Annalisa Scarpa Sonino, Jacopo Amigoni, Soncino, 1994, pp. 32-33, 94-95. 

Mimi Cazort, Italian Master Drawings at the Philadelphia Museum of Art, Philadelphia, 2004, unpaginated, in the entry for cat. no. 37.

 

This charming portrait sketch is the work of Jacopo Amigoni, one of the leading proponents of the Venetian Rococo style on the international stage. Amigoni was a peripatetic artist. After completing his training in Venice, he spent the majority of his career abroad, with long sojourns in southern Germany (1715-1729), England (1729-1739), and, in the final part of his life, in Spain (1747-1752). This sheet was originally part of a sketchbook, dismembered in the early 20th century, which the artist used during his time in England.

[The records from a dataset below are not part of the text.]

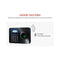 ZK-TA10 Time Attendance Fingerprint Recognition Password Lock Door Opener Access Control System 2.4inch Display UK Plug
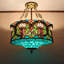 Plafonnier de mission Tiffany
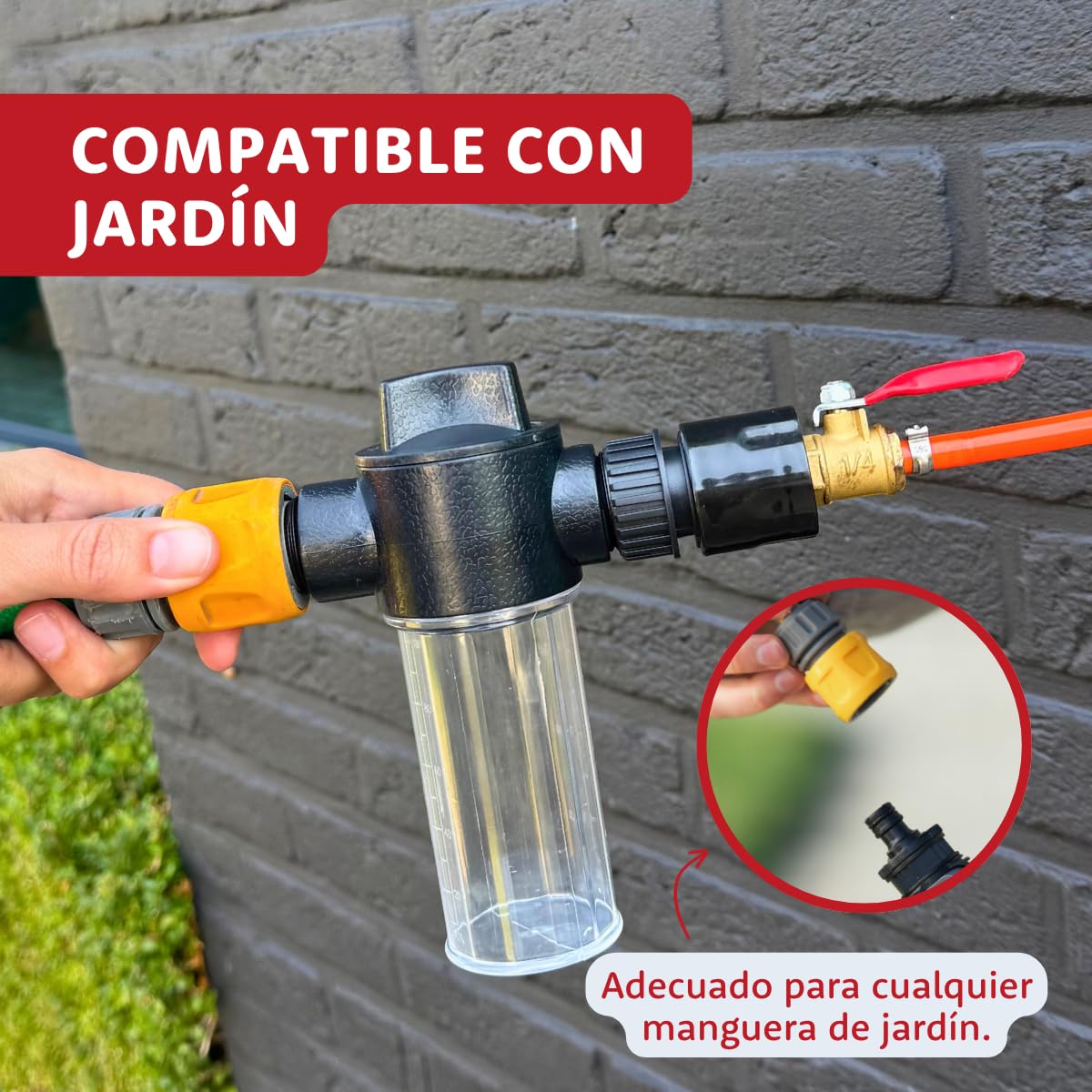 Rori Barra telescópica extensible hasta 7 m – Limpieza sin esfuerzo de ventanas, techos y fachadas a alturas seguras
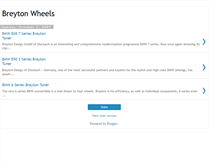 Tablet Screenshot of breytonwheels.blogspot.com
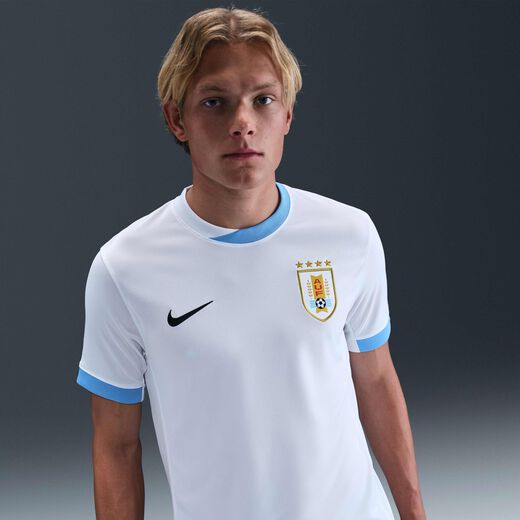Men's Kits & Jerseys Sale-Nike, Uruguay 2024/25 Stadium Away (Men's Team), Men's Nike Dri-FIT Football Replica Shirt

Although Amigoni enjoyed great success as a decorative painter throughout his career, changes in taste away from ambitious decorative schemes in England compelled him to take on an increased number of portrait commissions during this period. He became a fashionable portrait painter, particularly at the royal court, where he received regular commissions from King George II, Queen Caroline, and their entourage.

The forty-four portrait drawings from Amigoni’s sketchbook, now dispersed among museums and private collections, were executed in the same technique, typology, and style (Fig. 1). Several of these sheets have been connected with known paintings by the artist, and the costumes in each are consistent with English fashion in the 1730s. However, their original purpose remains unclear. Some scholars consider them to be preparatory studies or presentation pieces for commissioned portraits.[i] Others have suggested that they served as a repertoire of portrait types—a kind of 18th-century “lookbook”—showing varying positions and environments that Amigoni could present to patrons as possibilities when developing their individual portraits.[ii]

Regardless of their intended function, these Amigoni portrait studies are, as Janos Scholz aptly put it, “fun to look at [and] of very high artistic quality.”[iii] The gentleman in our portrait is shown three-quarter length in a relaxed pose, his right arm resting on the corner of a piece of furniture. He sports a formal wig and wears a frock coat, while in the background a swag of drapery hangs before a column. The drawing has been rapidly executed in a variety of media, and the mix of controlled and nervous handling of the pen, white heightening, and wash make this drawing a delight to behold.

A sketch of an older man sitting down, legs crossed.

Fig. 1. Jacopo Amigoni, Portrait of a Gentleman, pen, black ink, brown wash, and white heightening on blue paper, Princeton University Art Museum.


[i] Elaine Claye, “A Group of Portrait Drawings by Jacopo Amigoni,” Master Drawings, vol. 12, no. 1 (Spring 1974), p. 42.

[ii] Annalisa Scarpa Sonino, Jacopo Amigoni, Soncino, 1994, pp. 94-95. She has argued this on the basis that the figures in the drawings are devoid of specific physical characteristics—all of the faces are done similarly.

[iii] Janos Scholz, “Italian Drawings in The Art Museum, Princeton University,” The Burlington Magazine, vol. 109, no. 770 (May 1967), p. 296.